I had to tell him what had happened so he would know to bring the jumper cables so I whispered it into the receiver. He agreed to come down on the condition that I mowed the lawn for the rest of the summer. What choice did I have? My mother’s car was dead and my girlfriend was already out past her midnight curfew. Quickly, I agreed.
On my way out the door to wait for my brother, the woman muttered, “Serves you right for screwing around all night out there.”
About a thousand comebacks flashed into my mind, but I stopped myself before any of them came out of my mouth.
She was right.
Author of BIG SLICK
When I was 17, my boyfriend Glen and I went to a drive-in movie. It was Labor Day weekend, and a sultry 90-something degrees in Houston.
Since Glen was the love of my life, our time was usually spent making out instead of watching the movie. This particular night was no exception. In the Houston heat, no breeze or air conditioning, we went at it with just the car windows down. Before long the high temp got to me. I started feeling light-headed and a bit nauseous. And right there, in the backseat of his car, I had a heat stroke. I don't know what was worse, the dehydration or the humiliation!
Glen went to the concession stand and got me a Coke, then drove me straight home. Still weak, he helped me stagger to the front door, then sped away.
But he did ask me out again...months later.
Author of the FORTUNE TELLERS CLUB series and GRANNY GERT AND THE BUNION BROTHERS
In my freshman year of high school, I was at the beach with my boyfriend and his friends, and I was wearing a new swimsuit. It was one of those strapless kinds and being flat-chested then (and um…still am) it didn't stay up very well.
I was sitting there, leaning back on my hands, admiring the ocean and enjoying the warm sun, when my boyfriend suddenly leaped up and yelled at his friends to go away.
I wondered what the fuss was about. I glanced down and sure enough, my swimsuit had creeped down, exposing my nonexistent chest!
HORRORS!
Needless to say, beach dates weren't my favorites after that.
And I learned to choose better swimsuits!

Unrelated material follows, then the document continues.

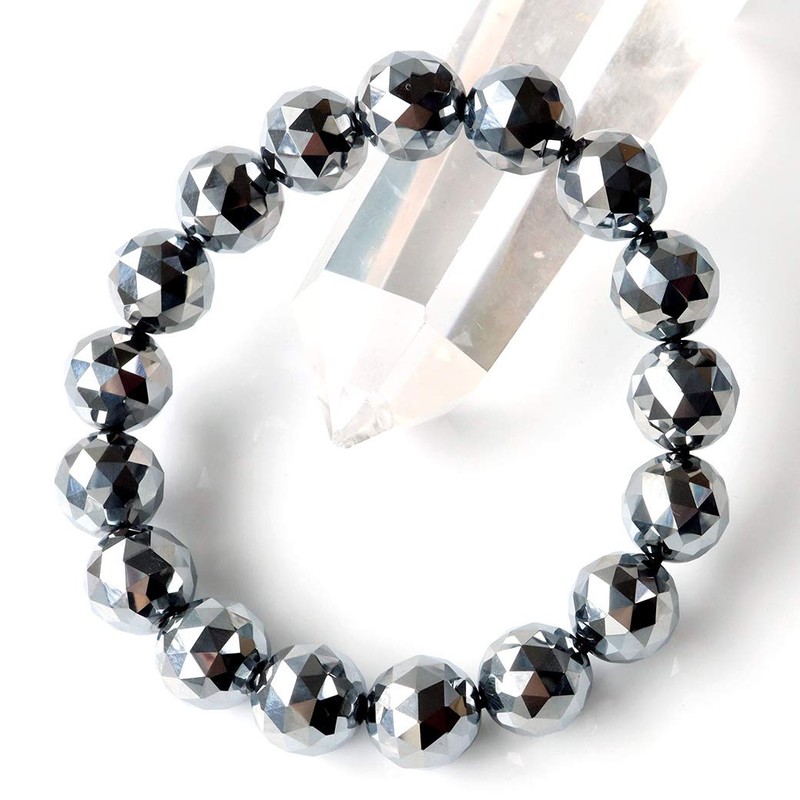 GOLD STONE Terahertz Ore, Star Cut, 100 Faces, Bracelet, 0.5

Author of CHINA: A KALEIDOSCOPE BOOK
When I was in school, I was dating a guy who worked for the fire department and knew all the access codes into the apartment complexes in town. So, for several weekends in a row, we sneaked into one particular complex and used their hot tub after-hours. We would laugh and talk and sing and revel in the fact that we, two crafty young people, had pulled one over on all those residents.
On our fourth night living the high life, man-of-my-dreams dared me to go skinny-dipping, and I (wanting to prove what a rebel a goody-goody honors student could be) accepted the challenge. As I mentioned before, we had been to this apartment complex several weekends in a row and were not shy about making our presence known.
And after putting up with us for several weekends, the residents of the apartment complex were no longer shy about calling the cops.
When the cops arrived and shone their flashlights in the hot tub, they found me, bobbing about in my birthday suit and doing my best to cover myself with layers of water. (It should be mentioned that man-of-my-dreams was dressed and found the situation entirely hilarious).
He and I were warned about trespassing, and I received an extra lecture that the hot tub was not a clothing optional locale.
Needless to say, I don’t go near hot tubs anymore...and he hasn’t been the man-of-my-dreams for many years.
Author of ESCAPE FROM ARYLON,
CURSE OF ARASTOLD, and ONAJ’S HORN
My mother had always sworn I wouldn't be allowed to "car date" until I was sixteen, but shortly after my fifteenth birthday, I got a call from a boy who would be a senior – and captain of the football team – when school began in the fall. Of course, I said, "Yes, yes! I'd love to go out with you!"
He arrived, met the folks, and we left. About a half-hour into the date, I was so bored I could've screamed. He wasn't a dolt, but we had NADA in common. I guess that wasn't a problem for him, because before another hour had gone by (and the sun was completely over the yardarm), we were parked behind the shop building of the old high school (an extremely dark and deserted area).
I knew immediately why he would be football captain – he was faster than Joe Namath and had hands that could (and would) hang onto ANYTHING, no matter how small.
It was like fighting off an octopus.
Finally, after I'd practically jumped out the open car window to get away from him, I said, "If you don't take your hands off me, my mother will KILL you. Dead." And the moment the words were out of my mouth, I knew it was true!
He must have believed me, because he released me and drove me home. Even in the midst of my relief, though, I worried that he would talk about me and that I'd never have another date in my life.
As it turned out, I think he was so shocked a girl had rebuffed him, I became a challenge, like the Rubik's Cube of girls that he had to solve before he left high school.
He asked me out again and again for the rest of the school year, and I said, "I don't think so!" every time!
Still he persisted. It was a blessing when he went off to college, far, far away.
I suspect he wanted to avoid admitting to his friends that I'd threatened him with my 5'2" tall mother — who weighed all of 100 pounds — and that he'd been scared enough to believe me.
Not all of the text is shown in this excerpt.